The 12-year amortized loan[3] was the means by which the savings and loans made it possible for the middle class to afford a home, while at the same time managing the risks of funding these purchases with savings accounts (Weiss 1989: 109). A $5000 home loan at 6% per annum amortized over 12 years results in a monthly payment just under $50 or about the weekly wage of a skilled urban worker. (At 9% interest the payment would be $57 per month.) At the same time even in the first year of a 12 year loan 6% of the principal is repaid, and on average across an evenly spaced portfolio of loans over 8% of principal is paid every year. In short, this was the type of loan that was both a little hard for a savings bank to manage and little bit of a stretch for a lower-middle class consumer at the time. By contrast, 30 year fixed rate loans strongly favor the consumer, and are very difficult for a depository institution to manage: A $5000 home loan at 6% amortized over 30 years results in a monthly payment of $30, just over 1% of principal is repaid in the first year and on average these loans repay 3% of principal every year.

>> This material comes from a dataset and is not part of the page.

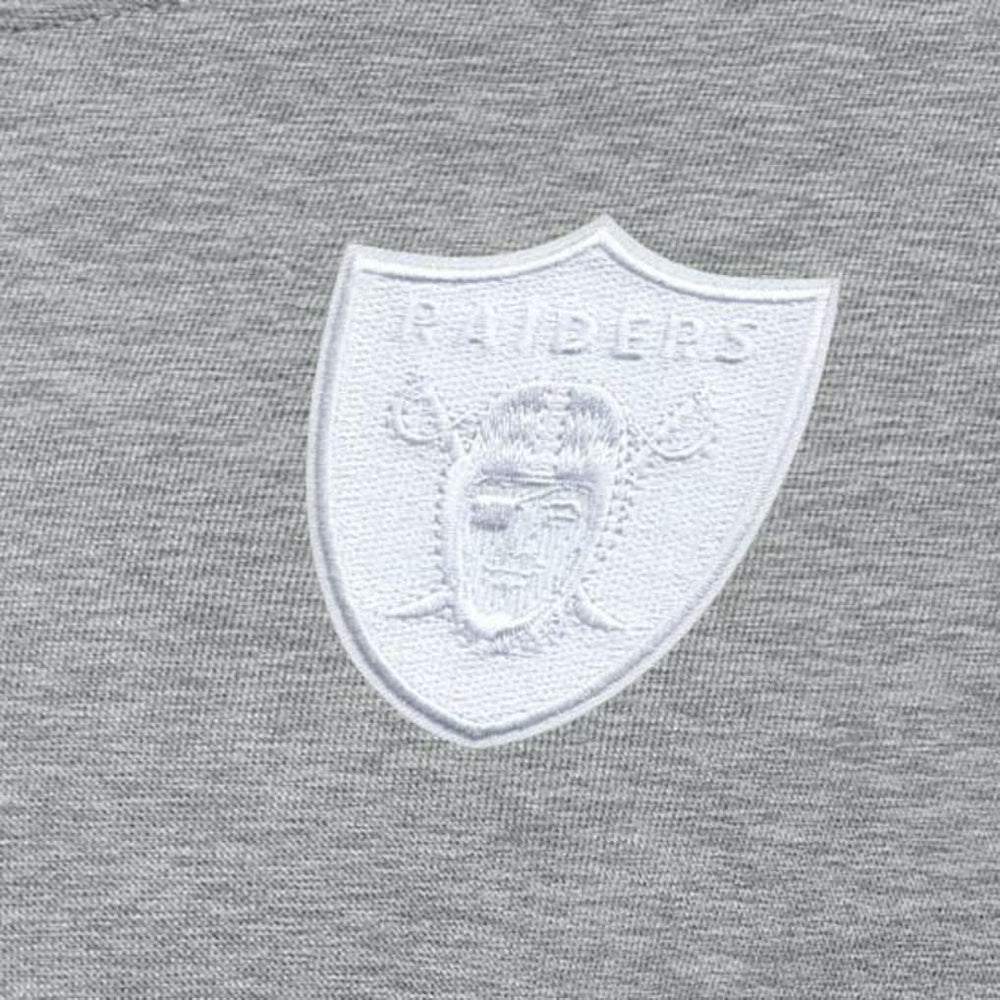 Las Vegas Raiders  Antigua Women's Victory Crew Pullover Sweatshirt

In short, the reason that 30 year mortgages were not offered in the years preceding the Depression is because the savings banks funding mortgages could not possibly hope to manage the risks of lending over that time horizon. With 12 year loans 58% of their funds were committed for more than 5 years. With a portfolio of 30 year loans 83% of their funds would be committed for more than 5 years. Given that their liabilities were all short-term and a lot can change over the course of just 5 years, the 12 year amortized mortgage was considered to be the limit of risk that it was appropriate for a savings institution to take – for good reason.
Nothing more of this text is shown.